== TO DO ==
Write out every record below exactly, leaving the pictures out.

== THE DATA ==
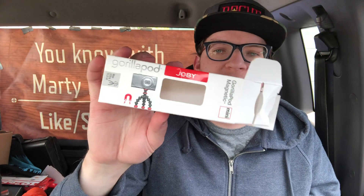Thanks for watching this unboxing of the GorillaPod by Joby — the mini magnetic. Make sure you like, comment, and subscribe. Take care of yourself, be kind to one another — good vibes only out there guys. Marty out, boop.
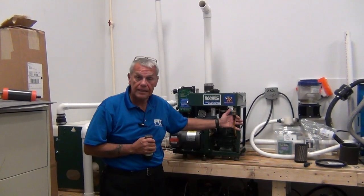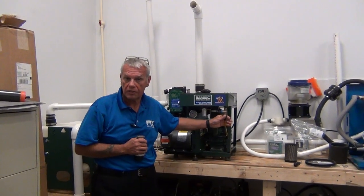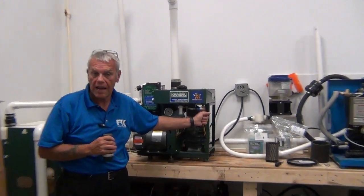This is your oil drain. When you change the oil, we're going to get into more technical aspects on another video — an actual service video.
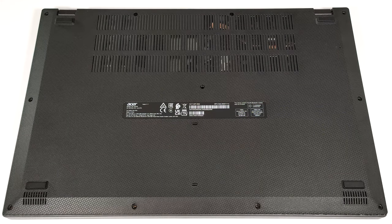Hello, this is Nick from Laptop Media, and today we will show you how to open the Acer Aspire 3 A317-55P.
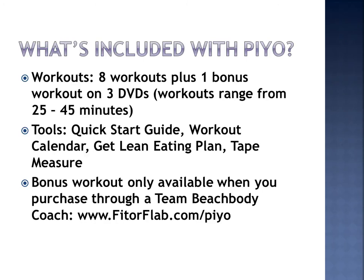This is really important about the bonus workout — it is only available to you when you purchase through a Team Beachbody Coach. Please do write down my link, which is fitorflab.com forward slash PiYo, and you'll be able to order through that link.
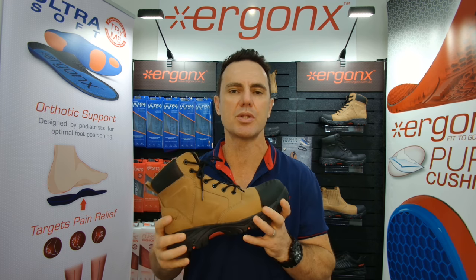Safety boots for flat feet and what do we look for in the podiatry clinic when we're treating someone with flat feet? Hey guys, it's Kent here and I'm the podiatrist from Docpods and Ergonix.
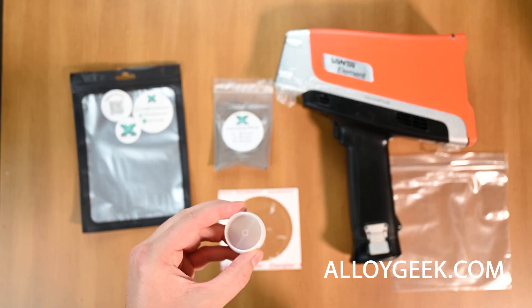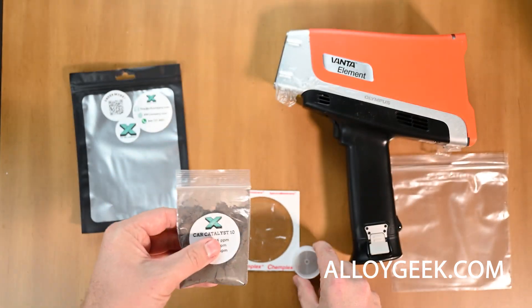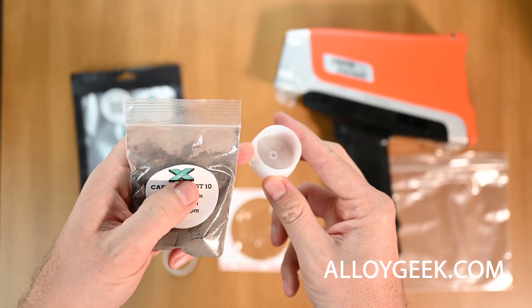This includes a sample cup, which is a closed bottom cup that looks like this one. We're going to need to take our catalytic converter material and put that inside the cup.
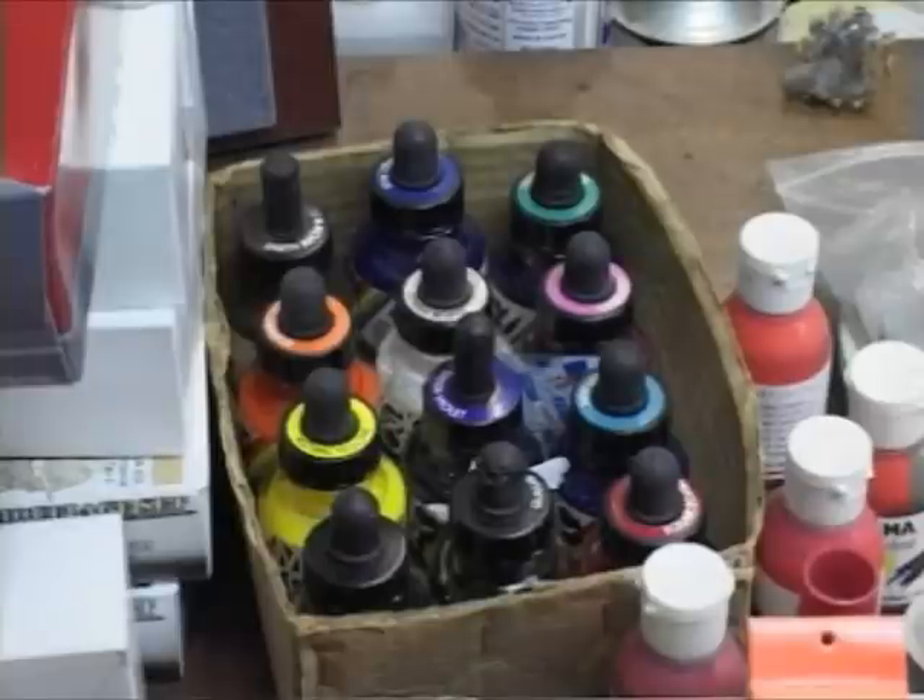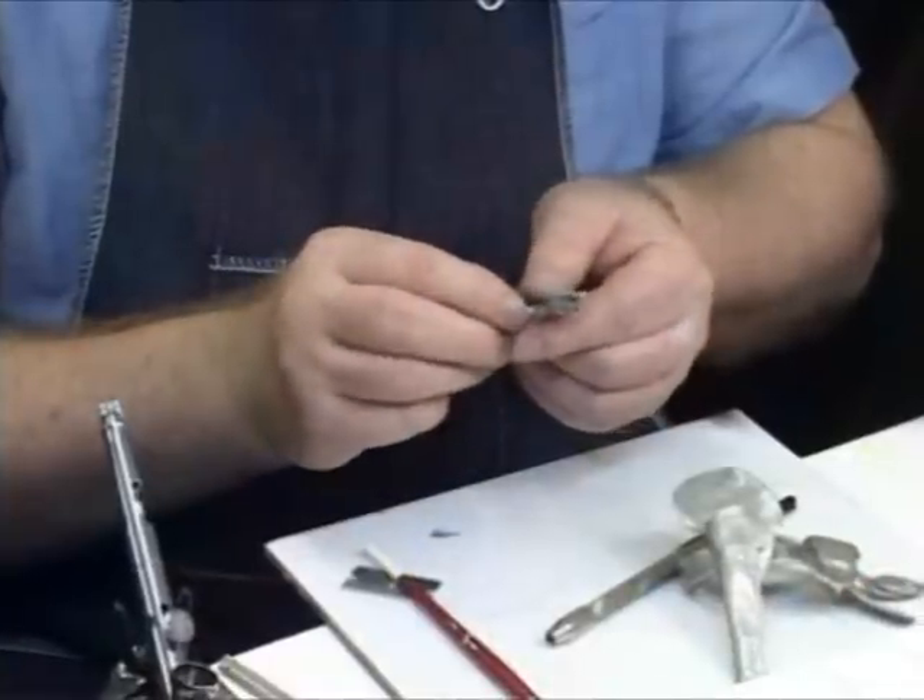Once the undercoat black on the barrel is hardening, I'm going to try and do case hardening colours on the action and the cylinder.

== WRITTEN SOLUTION ==
Thanks for watching this unboxing of the GorillaPod by Joby — the mini magnetic. Make sure you like, comment, and subscribe. Take care of yourself, be kind to one another — good vibes only out there guys. Marty out, boop.
This is your oil drain. When you change the oil, we're going to get into more technical aspects on another video — an actual service video.
Hello, this is Nick from Laptop Media, and today we will show you how to open the Acer Aspire 3 A317-55P.
This is really important about the bonus workout — it is only available to you when you purchase through a Team Beachbody Coach. Please do write down my link, which is fitorflab.com forward slash PiYo, and you'll be able to order through that link.
Safety boots for flat feet and what do we look for in the podiatry clinic when we're treating someone with flat feet? Hey guys, it's Kent here and I'm the podiatrist from Docpods and Ergonix.
This includes a sample cup, which is a closed bottom cup that looks like this one. We're going to need to take our catalytic converter material and put that inside the cup.
Once the undercoat black on the barrel is hardening, I'm going to try and do case hardening colours on the action and the cylinder.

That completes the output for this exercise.